Wednesday, May 13, 2009

Fearmongerers are wrong: Electoral reform is not dead

The results are in, and BC-STV failed miserably, winning only 40% of the vote and failing to garner the majority of voes in 78 of the 85 provincial ridings. According to STV advocates, this has effectively killed any chance of electoral reform in BC, let alone the country, for at least a generation. These people are wrong.

They are being blinded by their commitment to STV. The fact is that they are assuming that all of those of us committed to electoral reform would vote for STV. Although I am not yet old enough to vote, in the BC student vote I voted against STV, and this for a perfectly good, reform minded reason. If we selected STV, it may have been a generation until we changed to a more proportional, less problematic system. The one I would advocate is MMP.

There is no reason why electoral reform cannot happen, and relatively soon. Carole James alludes to this, as she said that if the referendum were too fail, she was still committed to a referendum on MMP if we so desired.

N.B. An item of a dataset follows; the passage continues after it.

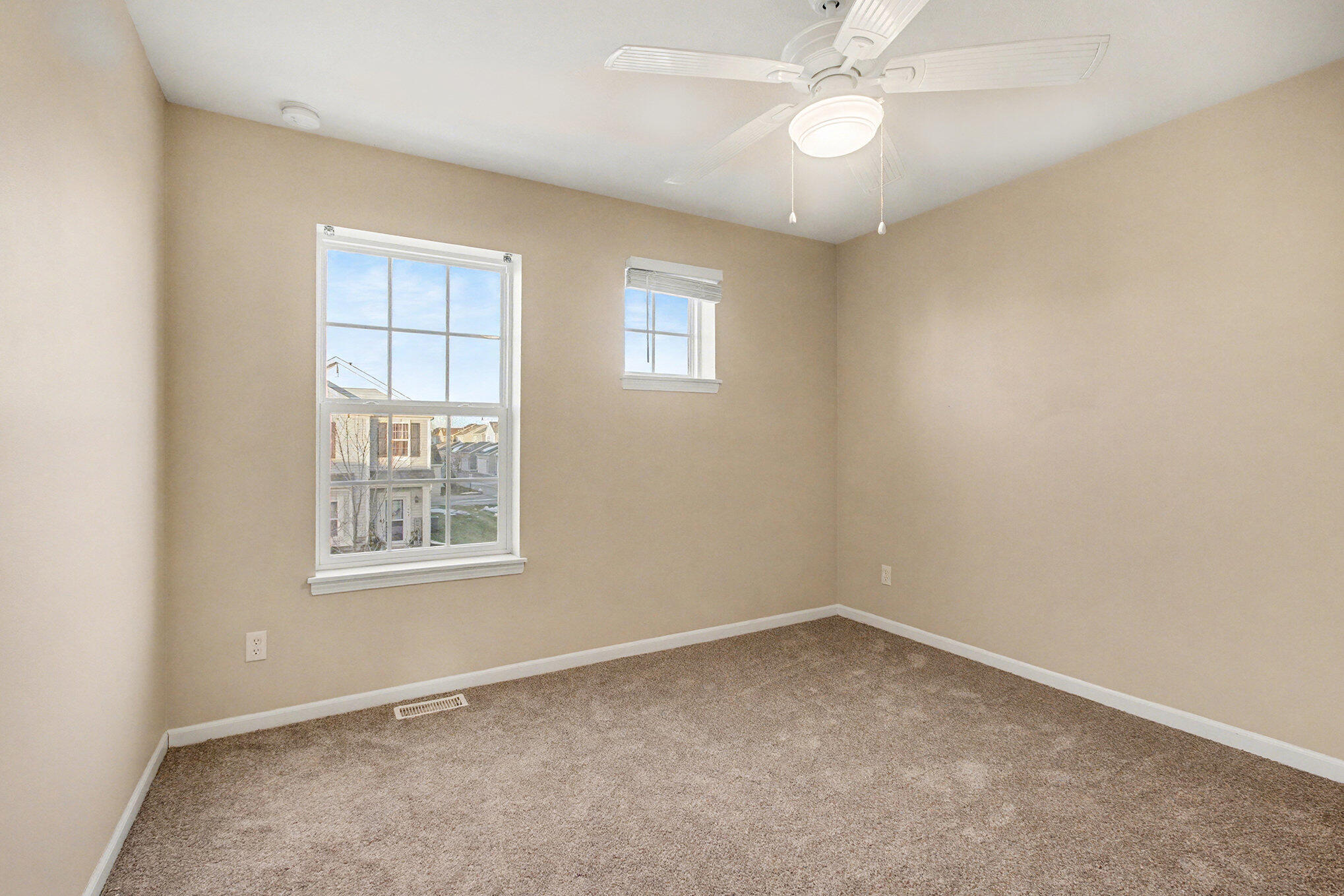 1063 East 116th Place Crown Point, IN 46307 - Photo 20 of 24 an empty room with a window and closet area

So there is will on the political side of things to continue this process of electoral reform. Just because STV wasn't chosen doesn't mean we cannot advocate, and pass, MMP soon. We need to make it known that our will for electoral reform has not died, and that we want a referendum on MMP.

And, this time, why not bring forward the referendum to a separate day. There is no law that it must be on election day. Let's push for a referendum on MMP within two years, and that way, we can use MMP in the next election.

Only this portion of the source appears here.